Educational Resources: Webinars and Seminars

Another way in which providers can help relates to educating participants on planning and investing for retirement. Access to a financial professional to offer advice and guidance is critical, but providers can augment one-on-one guidance by providing access to both online and offline (live) educational seminars that empower employees to make more informed decisions about planning for their retirement.

Nearly three-quarters of participants (71%) are either not aware that such resources exist or haven’t used them. Just 8% have taken part in a digital event over the past 12 months, but those who have had an average satisfaction score 82 points higher than those unaware or not attending any events (833 vs. 751). Digital events are increasingly critical given Millennials preferred way or interacting as well as the increasingly virtual nature of today’s corporate workforce, where bringing employees together in a single physical location at the same time is increasingly infeasible.

Mobile Engagement

Despite the increasingly central role mobile devices are now playing in our lives as employees and consumers, just 23% of plan participants say they completely understand their providers’ mobile services, and even among those using this channel, the satisfaction with the mobile experience is significantly lower than online or phone channels. Even among millennials, who are significantly more likely to use mobile, satisfaction with the experience trails other channels.

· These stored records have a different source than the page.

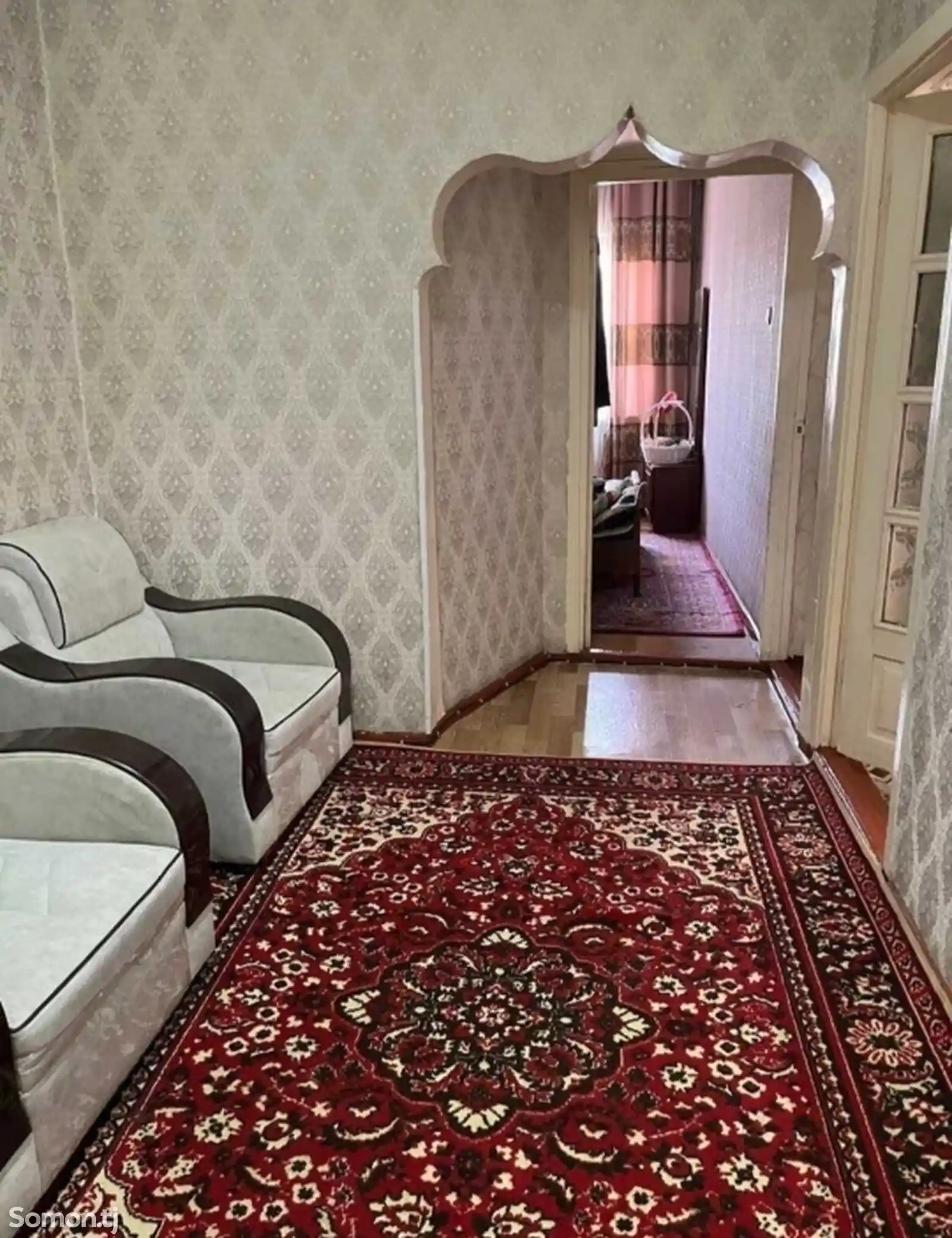 4-комн. квартира, 5 этаж, 100м², Цирк-3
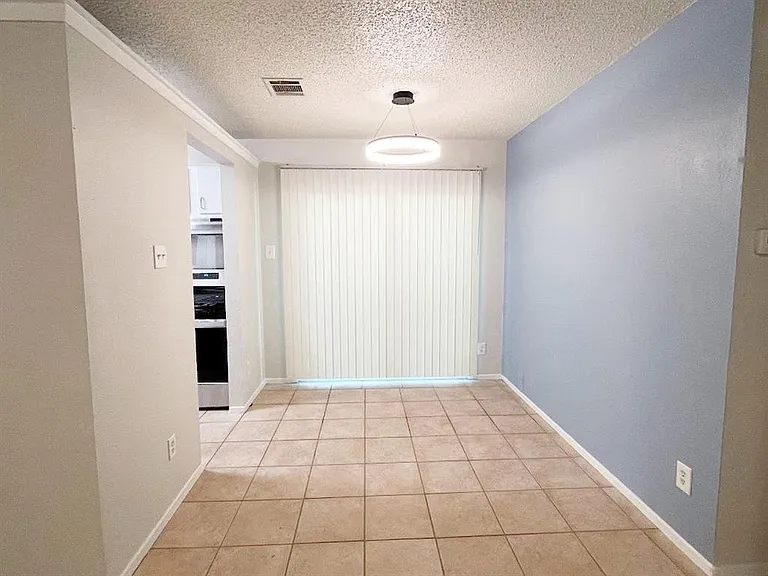 1808 Prairie Knoll Ct #B — Photo 13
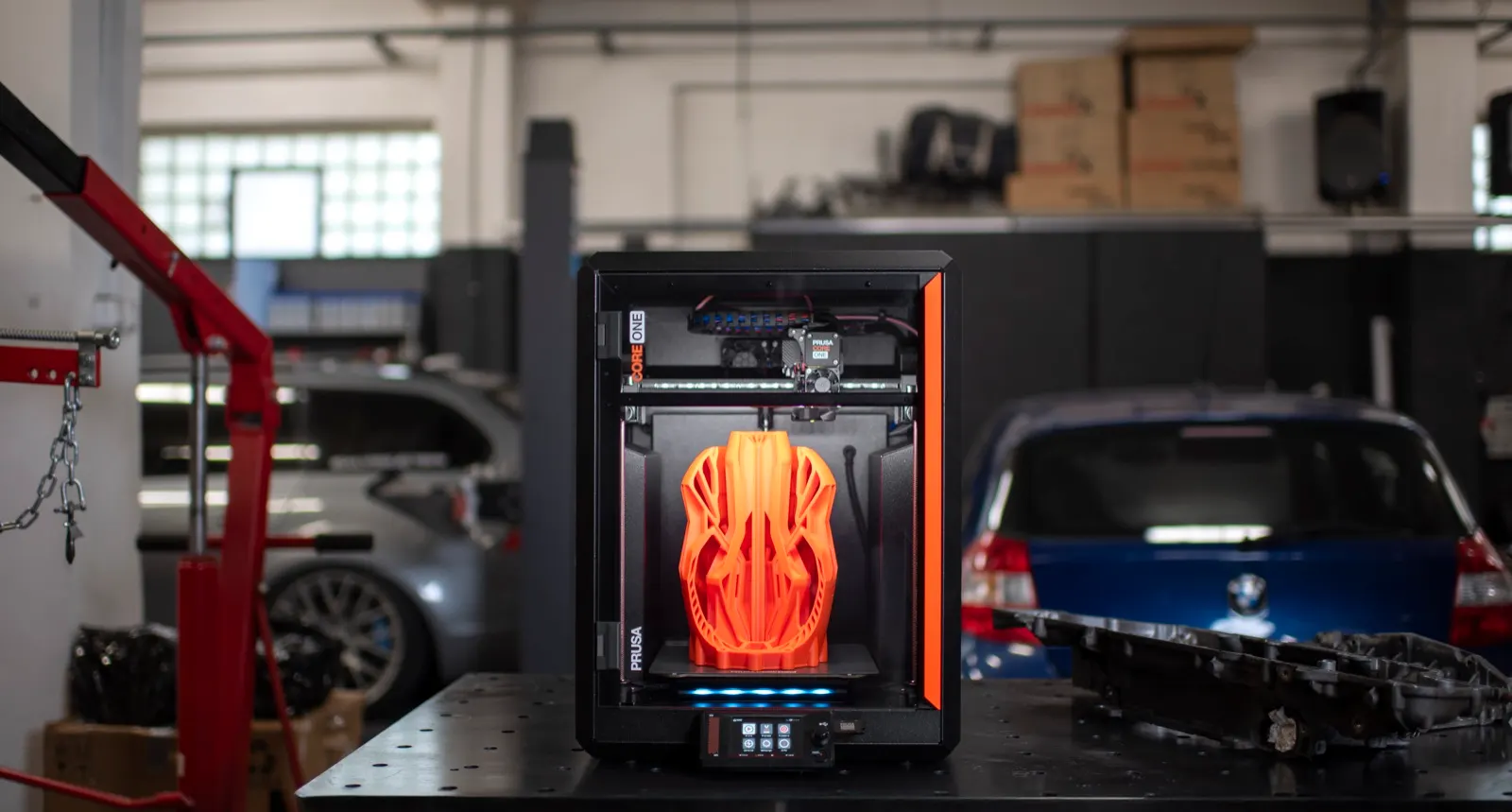 工房に並ぶ Prusa の3Dプリンター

One simple thing providers can do to improve this is to drive greater adoption and usage of mobile apps to replace the mobile web experience that produce the least satisfying outcomes for participants. Even a mobile optimized web experience is often not an intuitive or efficient experience on a small screen, but, as the chart below indicates, when users are aware of using an app, mobile experience scores increase dramatically.

Putting the Pieces Together

Ultimately, what we’ve found in analyzing the patterns of behavior among group retirement plan members is that a confluence of demographic, technological, and macroeconomic variables have introduced new challenges and presented new opportunities for plan providers. Increasingly, connecting in a meaningful way with retirement plan members requires an omni-channel approach that is sensitive to the preferences of different generational groups, but also able to be tailored to the individual. While technology has made it possible to achieve this high level of personalization, there is still an art to getting the investor satisfaction formula just right.

The one consistent truth our data show, however, is that that group retirement plan participants who are most satisfied and most likely to stay with their provider are those who are receiving personalized guidance and who are interacting with digital channels. These will be the two areas where retirement plan leaders will be able to set themselves apart from the pack. ◊

 

Endnotes
1. J.D. Power defines generational groups as Pre-Boomers (born before 1946); Boomers (1946-1964); Gen X (1965-1976); Gen Y (1977-1994); and Gen Z (1995-2004). Xennials (1978-1981) and Millennials (1982-1994) are subsets of Gen Y.